YOUR ASSIGNMENT: Everything in the listing should be transcribed exactly, apart from the pictures.

INFORMATION:
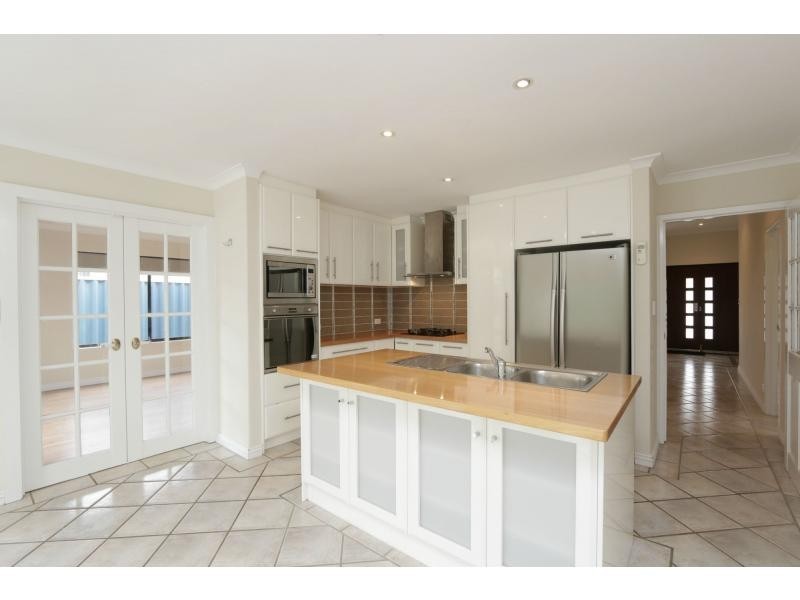 3 Dandy Place, Bayswater WA 6053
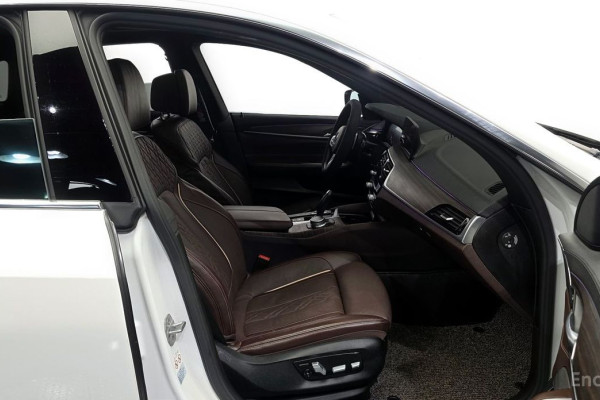 2020 BMW 6 серии с пробегом 64 090 км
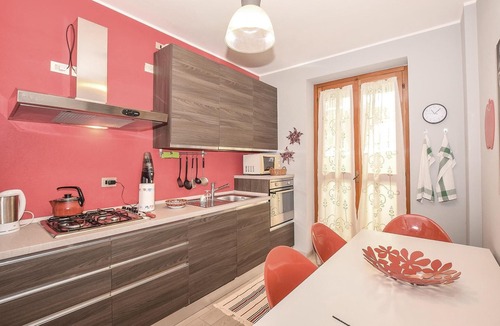Bellano Apartment | Cozy apartment in Bellano (LC) with house sea view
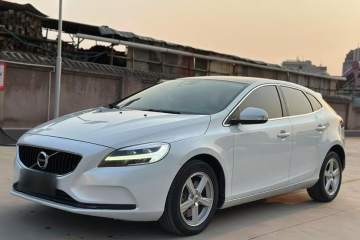 Used Volvo V40 2018 T3 Smart Edition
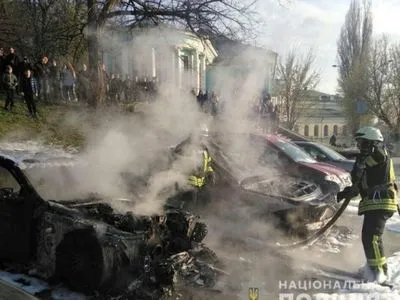 Поліція розшукує чоловіка, який причетний до підпалу автівок у центрі Києва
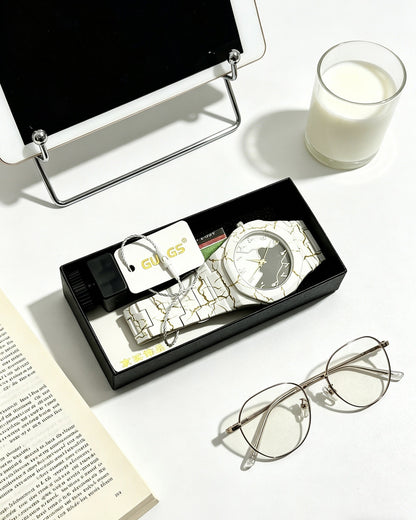 Quartz wristwatch with white dial and silver metal bracelet, in gift box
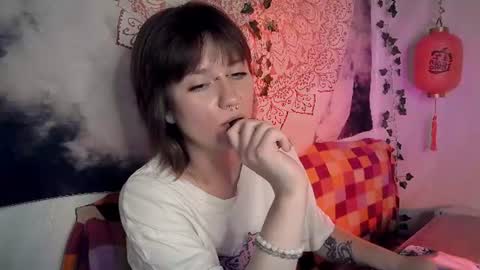 Snapshot of uwujudyosas chatting on 07-31-26, 11:59 Judy online show from 07-31-26, 11:59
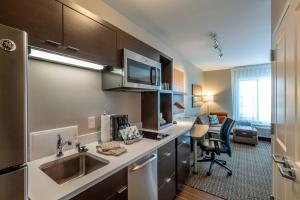 列克星敦TownePlace Suites by Marriott Lexington Keeneland/Airport的一个带水槽的厨房和一张书桌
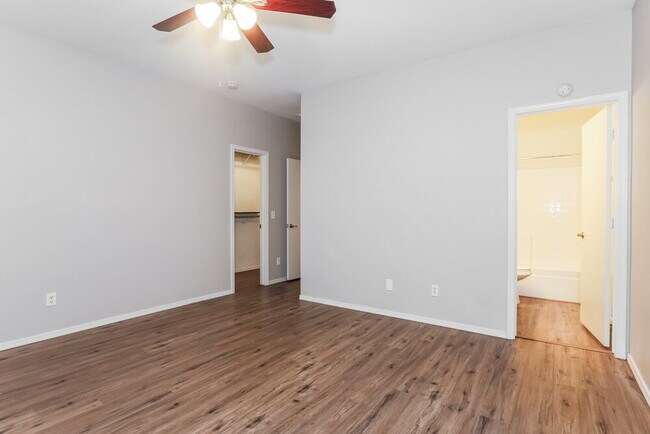 Building Photo - 3139 W Pollack St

YOUR SOLUTION:
 3 Dandy Place, Bayswater WA 6053
 2020 BMW 6 серии с пробегом 64 090 км
Bellano Apartment | Cozy apartment in Bellano (LC) with house sea view
 Used Volvo V40 2018 T3 Smart Edition
 Поліція розшукує чоловіка, який причетний до підпалу автівок у центрі Києва
 Quartz wristwatch with white dial and silver metal bracelet, in gift box
 Snapshot of uwujudyosas chatting on 07-31-26, 11:59 Judy online show from 07-31-26, 11:59
 列克星敦TownePlace Suites by Marriott Lexington Keeneland/Airport的一个带水槽的厨房和一张书桌
 Building Photo - 3139 W Pollack St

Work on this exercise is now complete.